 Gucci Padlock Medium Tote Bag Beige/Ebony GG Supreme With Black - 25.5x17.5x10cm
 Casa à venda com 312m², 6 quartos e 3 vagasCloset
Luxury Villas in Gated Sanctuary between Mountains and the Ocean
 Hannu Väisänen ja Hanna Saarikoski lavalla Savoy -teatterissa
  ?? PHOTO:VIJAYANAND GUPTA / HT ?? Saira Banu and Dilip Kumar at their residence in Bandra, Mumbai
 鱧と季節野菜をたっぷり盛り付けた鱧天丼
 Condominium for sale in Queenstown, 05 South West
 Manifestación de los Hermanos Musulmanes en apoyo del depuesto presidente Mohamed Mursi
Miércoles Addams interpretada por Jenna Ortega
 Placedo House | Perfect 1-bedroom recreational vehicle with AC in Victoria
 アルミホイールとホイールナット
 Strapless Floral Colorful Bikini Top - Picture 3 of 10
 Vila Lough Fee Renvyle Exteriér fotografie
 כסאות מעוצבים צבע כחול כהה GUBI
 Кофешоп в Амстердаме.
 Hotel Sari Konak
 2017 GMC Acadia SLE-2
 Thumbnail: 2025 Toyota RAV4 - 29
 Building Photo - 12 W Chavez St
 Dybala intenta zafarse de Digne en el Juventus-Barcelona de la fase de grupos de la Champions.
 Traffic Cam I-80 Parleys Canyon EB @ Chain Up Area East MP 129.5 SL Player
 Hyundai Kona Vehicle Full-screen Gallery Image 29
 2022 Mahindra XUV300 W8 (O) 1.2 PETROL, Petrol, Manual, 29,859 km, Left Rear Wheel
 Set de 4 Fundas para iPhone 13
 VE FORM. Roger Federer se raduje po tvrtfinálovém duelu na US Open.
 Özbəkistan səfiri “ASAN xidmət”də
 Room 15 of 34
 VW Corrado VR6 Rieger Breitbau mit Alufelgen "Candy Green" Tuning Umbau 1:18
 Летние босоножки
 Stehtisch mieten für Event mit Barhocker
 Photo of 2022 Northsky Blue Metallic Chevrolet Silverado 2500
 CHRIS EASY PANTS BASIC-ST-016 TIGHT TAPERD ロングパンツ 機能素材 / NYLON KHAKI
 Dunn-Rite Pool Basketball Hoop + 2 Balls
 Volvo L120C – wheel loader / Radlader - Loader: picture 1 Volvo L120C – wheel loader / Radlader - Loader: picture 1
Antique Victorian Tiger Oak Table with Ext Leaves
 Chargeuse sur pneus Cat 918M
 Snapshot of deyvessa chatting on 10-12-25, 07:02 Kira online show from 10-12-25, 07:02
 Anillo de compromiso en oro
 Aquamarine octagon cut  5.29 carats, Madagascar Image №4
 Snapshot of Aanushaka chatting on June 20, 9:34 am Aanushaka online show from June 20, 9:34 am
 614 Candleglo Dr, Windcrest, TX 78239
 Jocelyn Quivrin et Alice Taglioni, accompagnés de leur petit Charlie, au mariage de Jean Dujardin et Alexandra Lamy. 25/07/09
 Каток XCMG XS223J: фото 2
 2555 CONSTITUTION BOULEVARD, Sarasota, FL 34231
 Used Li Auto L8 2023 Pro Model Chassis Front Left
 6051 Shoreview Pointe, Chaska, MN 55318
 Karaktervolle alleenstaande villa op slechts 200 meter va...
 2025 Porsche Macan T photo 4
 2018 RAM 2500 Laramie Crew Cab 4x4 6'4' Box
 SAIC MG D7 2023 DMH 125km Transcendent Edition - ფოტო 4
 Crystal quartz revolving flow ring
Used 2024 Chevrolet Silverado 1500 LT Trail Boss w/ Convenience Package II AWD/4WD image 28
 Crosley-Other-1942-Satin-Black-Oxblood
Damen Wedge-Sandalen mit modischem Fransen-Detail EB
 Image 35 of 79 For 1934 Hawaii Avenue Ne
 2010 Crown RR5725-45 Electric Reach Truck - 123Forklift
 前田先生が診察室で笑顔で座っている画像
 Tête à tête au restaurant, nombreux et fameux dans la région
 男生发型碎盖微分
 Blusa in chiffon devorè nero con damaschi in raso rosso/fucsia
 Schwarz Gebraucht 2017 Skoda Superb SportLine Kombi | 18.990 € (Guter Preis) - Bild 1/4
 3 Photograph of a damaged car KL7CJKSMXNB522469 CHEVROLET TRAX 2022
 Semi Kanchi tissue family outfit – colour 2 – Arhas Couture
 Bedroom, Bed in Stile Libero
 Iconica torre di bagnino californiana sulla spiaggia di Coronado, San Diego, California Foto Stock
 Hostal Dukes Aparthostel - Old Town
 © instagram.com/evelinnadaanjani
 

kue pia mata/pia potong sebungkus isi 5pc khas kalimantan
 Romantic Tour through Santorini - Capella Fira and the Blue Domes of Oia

ACTION ITEM - The range runs from the line with "Vila Lough Fee Renvyle Exteriér fotografie" up to and including the line with "2018 RAM 2500 Laramie Crew Cab 4x4 6'4' Box" in the listing above; please write out exactly those lines and nothing more.

THE ANSWER -
 Vila Lough Fee Renvyle Exteriér fotografie
 כסאות מעוצבים צבע כחול כהה GUBI
 Кофешоп в Амстердаме.
 Hotel Sari Konak
 2017 GMC Acadia SLE-2
 Thumbnail: 2025 Toyota RAV4 - 29
 Building Photo - 12 W Chavez St
 Dybala intenta zafarse de Digne en el Juventus-Barcelona de la fase de grupos de la Champions.
 Traffic Cam I-80 Parleys Canyon EB @ Chain Up Area East MP 129.5 SL Player
 Hyundai Kona Vehicle Full-screen Gallery Image 29
 2022 Mahindra XUV300 W8 (O) 1.2 PETROL, Petrol, Manual, 29,859 km, Left Rear Wheel
 Set de 4 Fundas para iPhone 13
 VE FORM. Roger Federer se raduje po tvrtfinálovém duelu na US Open.
 Özbəkistan səfiri “ASAN xidmət”də
 Room 15 of 34
 VW Corrado VR6 Rieger Breitbau mit Alufelgen "Candy Green" Tuning Umbau 1:18
 Летние босоножки
 Stehtisch mieten für Event mit Barhocker
 Photo of 2022 Northsky Blue Metallic Chevrolet Silverado 2500
 CHRIS EASY PANTS BASIC-ST-016 TIGHT TAPERD ロングパンツ 機能素材 / NYLON KHAKI
 Dunn-Rite Pool Basketball Hoop + 2 Balls
 Volvo L120C – wheel loader / Radlader - Loader: picture 1 Volvo L120C – wheel loader / Radlader - Loader: picture 1
Antique Victorian Tiger Oak Table with Ext Leaves
 Chargeuse sur pneus Cat 918M
 Snapshot of deyvessa chatting on 10-12-25, 07:02 Kira online show from 10-12-25, 07:02
 Anillo de compromiso en oro
 Aquamarine octagon cut  5.29 carats, Madagascar Image №4
 Snapshot of Aanushaka chatting on June 20, 9:34 am Aanushaka online show from June 20, 9:34 am
 614 Candleglo Dr, Windcrest, TX 78239
 Jocelyn Quivrin et Alice Taglioni, accompagnés de leur petit Charlie, au mariage de Jean Dujardin et Alexandra Lamy. 25/07/09
 Каток XCMG XS223J: фото 2
 2555 CONSTITUTION BOULEVARD, Sarasota, FL 34231
 Used Li Auto L8 2023 Pro Model Chassis Front Left
 6051 Shoreview Pointe, Chaska, MN 55318
 Karaktervolle alleenstaande villa op slechts 200 meter va...
 2025 Porsche Macan T photo 4
 2018 RAM 2500 Laramie Crew Cab 4x4 6'4' Box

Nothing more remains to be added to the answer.